I promised them i’d wear the pink dress to the Wienerdog when the weather gets warmer. Actually, i love to get all dressed up, i have many fabulous dresses, but usually no place to wear them. I have a new skirt that is perfect for dancing, but no immediate dancing opportunities. But now that i’m putting it out there in cyberspace, maybe something will magically come up. Christine is always saying i can wear a fabulous dress to the grocery store if i want. Actually, she said that more when we both lived in LA, and then, you did see all kinds of outfits at the grocery at all hours of the day and night. but really, it’s not very exciting, wearing a cute dress just to buy bananas and frozen yogurt.

Anyway, finally, i escaped the Wienerdog, as Mark and Rob shouted more friendly and helpful advice at me.

Next, on to Recycled Records, where the owner, Mark, was quite happy to see me and wanted to read the column right away even though he was in the middle of eating lunch, and he promised he wouldn’t get any food on it. he asked if i was still running marathons, i said no (i haven’t actually ever run a marathon, and probably won’t), and then he wanted to know if MNB was around, and i said, no, no man. He said he didn’t want to be nosy, but i AM a public figure, after all. i said, yes, that’s true.

He didn’t offer any dating advice, but i’m sure he’d have been happy to give me some if i’d asked.

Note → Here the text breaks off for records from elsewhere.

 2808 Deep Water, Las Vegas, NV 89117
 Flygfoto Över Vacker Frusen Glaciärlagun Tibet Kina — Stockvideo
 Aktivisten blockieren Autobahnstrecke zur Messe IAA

I then took them to the Cardologist, where Cathy, my old neighbor, works, and she pointed to a sign they have on the wall that says “if it has testicles or wheels, it’s going to be trouble.” I mean, she just offered this up, based on absolutely nothing i said. i agreed with the sentiment, pointing out that i just had to have my timing belt replaced and it cost a mint, and my dad was very very VERY concerned that i waited so long to have it done and i could have WRECKED THE CAR because of the old crappy timing belt. when this car finally breaks down for good, i’m just going to walk.

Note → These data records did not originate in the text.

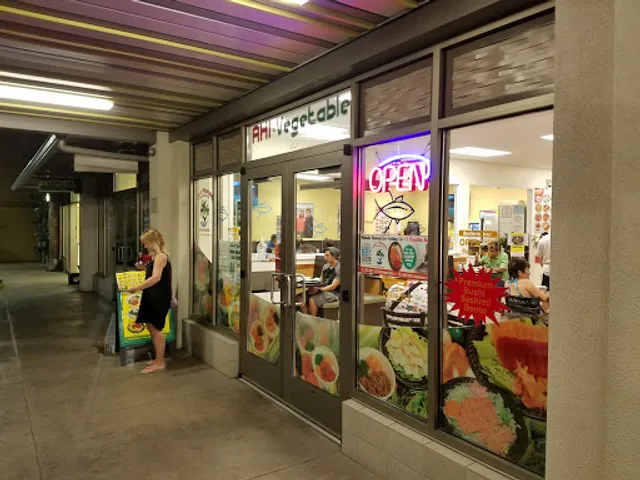 Ahi and Vegetable - Kapalama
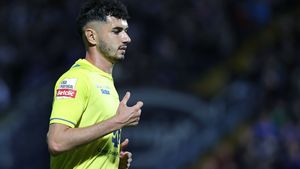 Arabii l-au îmbrăcat în aur şi Gigi Becali a ratat transferul atacantului spaniol! La câteva luni distanță, Mujica a devenit cel mai bun marcator iberic al anului, peste vedete de la Real Madrid, FC Barcelona sau din naționala campioană europeană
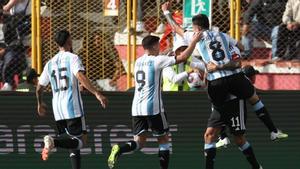 Los jugadores de Argentina celebrando uno de los goles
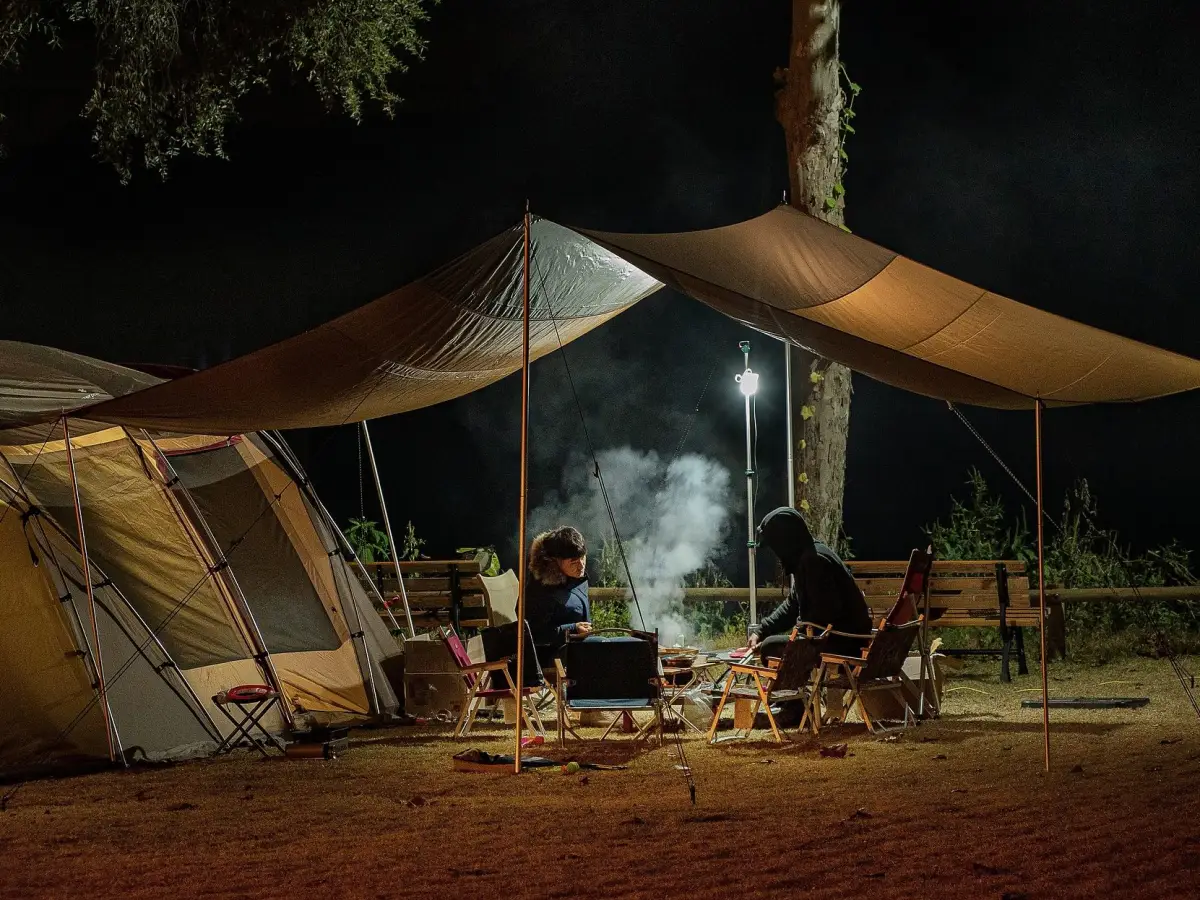 was sollte man beim campen nicht vergessen campen im sommer tipps vorzelt setzen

I didn’t say anything about the other part of the saying, but thanked her and headed for Food Fantasies, where Stu, the friendly manager, wasn’t even around, so i didn’t have to see what pearls of wisdom or advice he might have to offer.

maybe next time.

I then boldly took one more set of flyers to the place where my sister does hair. It’s a place with a bunch of different private salons, and a central lobby, and there’s a newspaper stand there, and i thought i could put my flyers there, so I asked the manager, and she said no. I immediately felt defeated, of course, but at least she didn’t give me any dating advice. but on the other hand, she’s a savvy businesswoman, maybe she’d have had some truly helpful advice about men.

but probably not.

i just broke another hands-free thing for my phone. so that makes about 10 this year alone.

that is all for now.

ok then,

grace who people feel the need to help me with all kinds of ideas.